* DIRECTIONS *
Pictures in the material below are to be left out, and only the lines from the line with "Filigree dendrite agate necklace" up to and including the line with "<b>TRIBE Paris Saint" are to be written out exactly.

* INFORMATION GIVEN *
· · · · ·

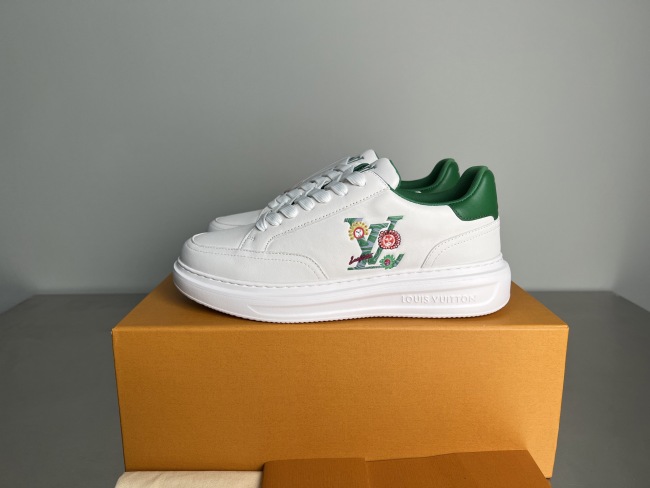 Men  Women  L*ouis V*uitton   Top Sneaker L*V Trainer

· · · · ·

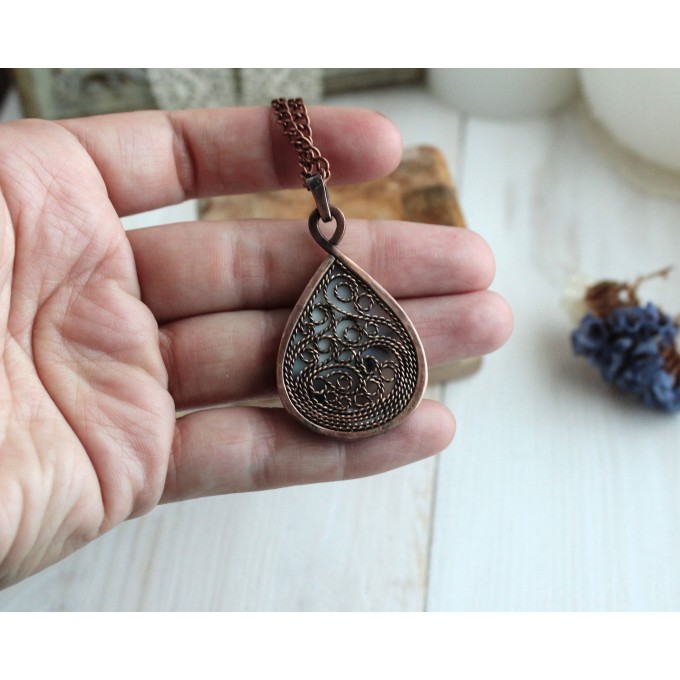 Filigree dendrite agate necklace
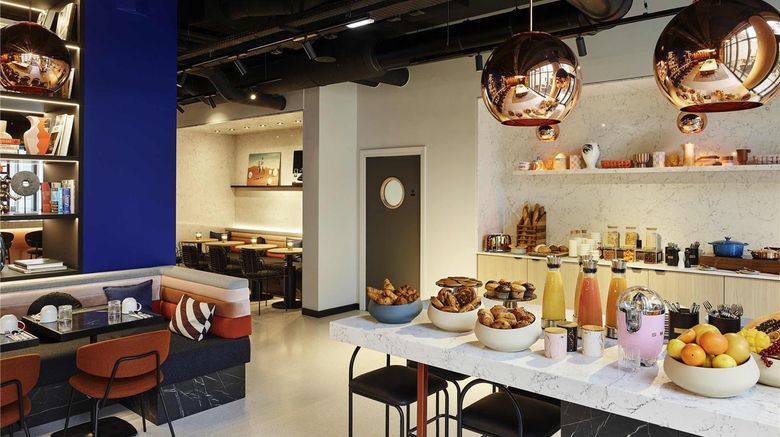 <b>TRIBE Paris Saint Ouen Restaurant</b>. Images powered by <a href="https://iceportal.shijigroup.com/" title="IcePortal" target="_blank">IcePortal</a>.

· · · · ·

* RESULT BELOW *
 Filigree dendrite agate necklace
 <b>TRIBE Paris Saint Ouen Restaurant</b>. Images powered by <a href="https://iceportal.shijigroup.com/" title="IcePortal" target="_blank">IcePortal</a>.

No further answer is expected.